No hubo más problemas, seguramente porque una noche más el despliegue policial fue importante. A las 2.30 horas, cuando los bailes populares estaban en su máximo apogeo, cinco furgonetas antidisturbios de los mossos se sumaron a los efectivos de la Guardia Urbana que ya patrullaban por Gràcia y que poco antes de las dos de la madrugada detuvieron a dos jóvenes que presuntamente causaron altercados el miércoles. A las cinco se desplegó la Policía Nacional.

Los mossos aparcaron en la confluencia de la calle de Torrent de l'Olla con Travessera de Gràcia. Un joven de unos 18 años, litrona en mano, observaba el despliegue con mirada desafiante. "A la mínima que me provoquen, salto", dijo.

Ningún policía le ofreció esa posibilidad. Las órdenes eran claras: esperar a la que los noctámbulos se cansaran e intervenir sólo cuando fuera necesario. La estrategia, al menos ayer, surtió efecto y hacia las cuatro de la madrugada, con el fin de las orquestas, se vieron los primeros bostezos y numerosos asistentes volvieron a casa. "Está siendo una noche muy tranquila", explicó un agente de la Guardia Urbana en Rius i Taulet.

Un pasado mejor

A lo largo de estos días se incautaron hasta 14.927 latas, según el concejal de Gràcia, Ricard Martínez. Sin embargo, no fue suficiente para impedir que los lateros camparan a sus anchas y el botellón tomara plazas y calles de Gràcia. Según la Guardia Urbana, los incidentes hicieron que durante estas fiestas la prioridad de los agentes fuera la seguridad y no impedir la venta ambulante de cerveza.

Lo curioso, y a diferencia de Ciutat Vella, es que los vendedores no eran en su mayoría paquistanís. Jóvenes franceses, brasileños y, por supuesto, catalanes se convirtieron en comerciantes ocasionales que intentaron hacer su particular agosto ofreciendo una gama de marcas de cerveza u otros tipos de bebidas, desde elaborados mojitos a indigesta sangría. "Es una forma sencilla de sacarme una pasta. La gente bebe mucho, y más si la bebida es barata", dijo Jaume, vecino de Barcelona de 25 años.

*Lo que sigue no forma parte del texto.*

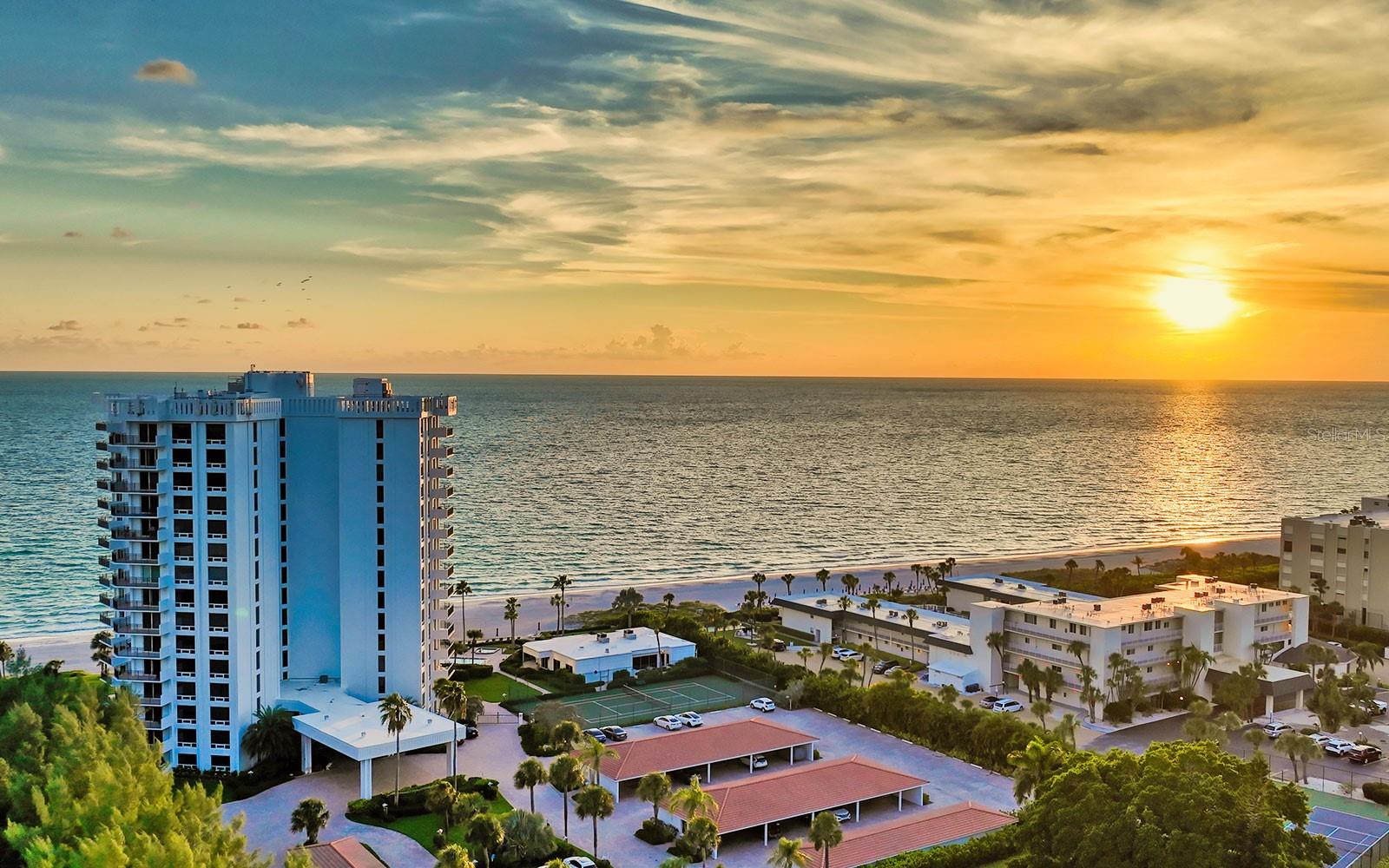 ISLANDS WEST - Residential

La venta callejera, concentrada en las plazas de Rius i Taulet, del Sol y del Diamant, no se limitó a alcohol. En la del Diamant, por ejemplo, donde se celebraron las fiestas alternativas de la Coordinadora Antirepressiva de Gràcia, se instalaron varias paradas con comida. Una joven armada con un carrito de la compra aseguraba en un cartel vender "bocadillos buenísimos". Alguien compró, pero lo cierto es que los lateros , a las cinco de la madrugada, hacían más caja. En Rius i Taulet, los desechos y vómitos se amontonaban, varios jóvenes dormían la borrachera en el suelo... Algunos vecinos lamentaron que hace años que las fiestas dejaron de ser lo que fueron.